# Task details
Repeat everything in the listing exactly, except for the images.

# Data listing
============

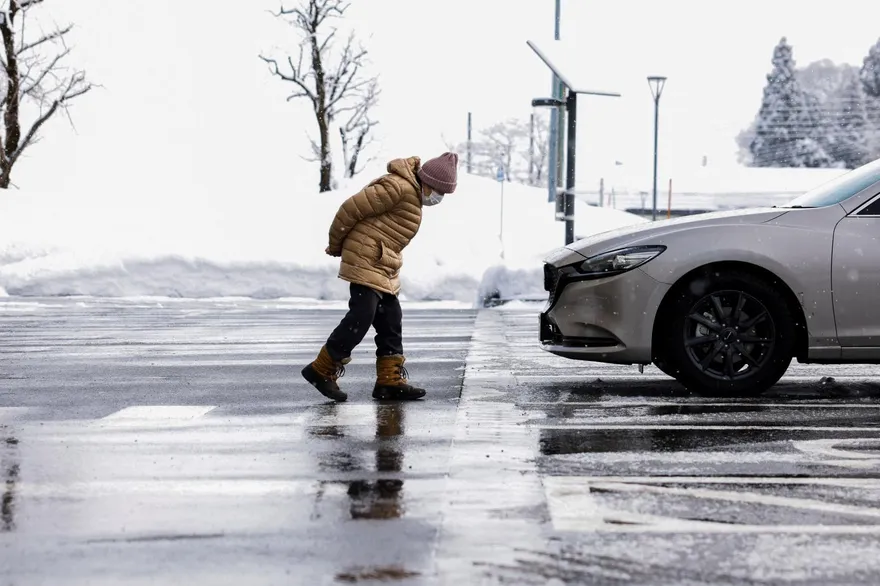 冒雪投票太危險！鳥取縣11個投票所「提早2小時」關閉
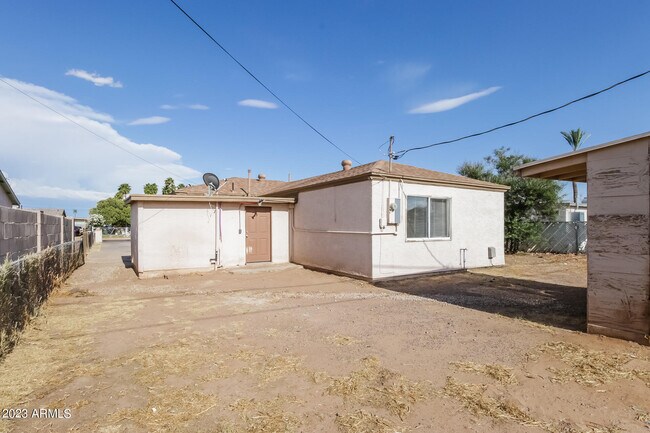 Building Photo - 4610 S 21st St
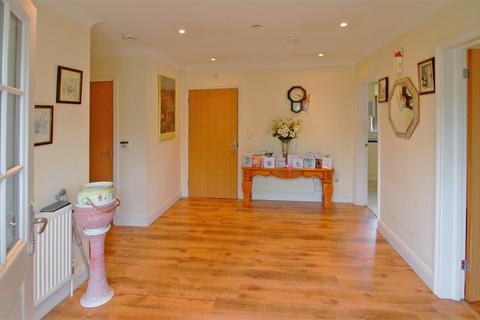 332a Chessington Road, Ewell, Epsom, KT19 9XG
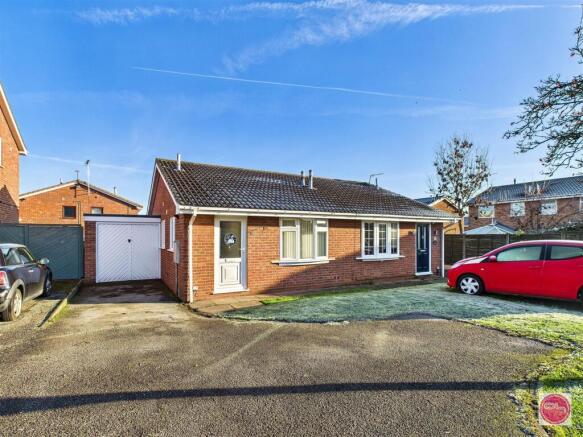 2-bed house on Britannia Drive, Stretton, Burton-On-Trent, £175,000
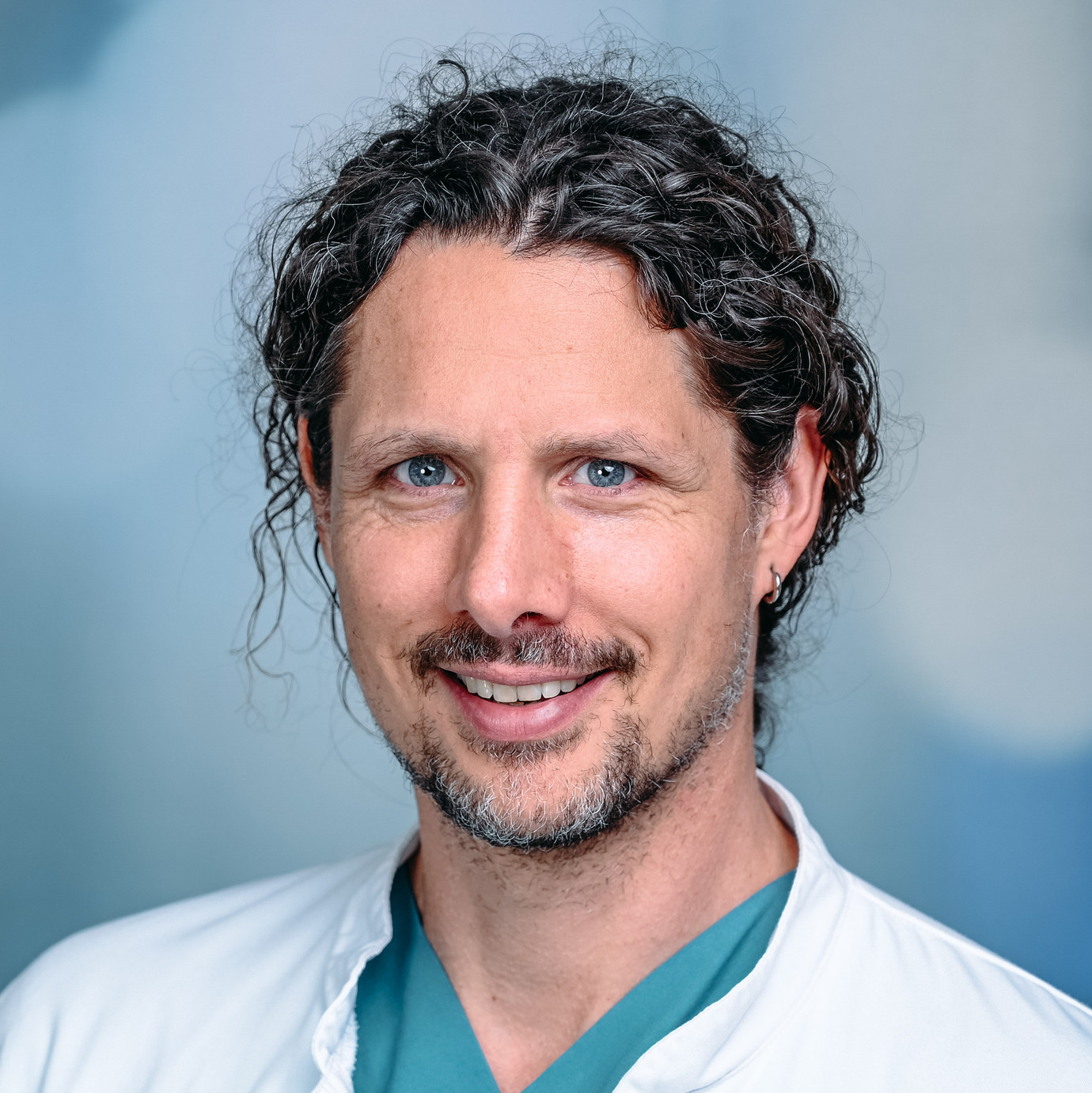 Porträt Philipp Kohler, Oberarzt Klinik für Radiologie, Neuroradiologie und Nuklearmedizin, varisano Klinikum Frankfurt Höchst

============

# Answer area
 冒雪投票太危險！鳥取縣11個投票所「提早2小時」關閉
 Building Photo - 4610 S 21st St
 332a Chessington Road, Ewell, Epsom, KT19 9XG
 2-bed house on Britannia Drive, Stretton, Burton-On-Trent, £175,000
 Porträt Philipp Kohler, Oberarzt Klinik für Radiologie, Neuroradiologie und Nuklearmedizin, varisano Klinikum Frankfurt Höchst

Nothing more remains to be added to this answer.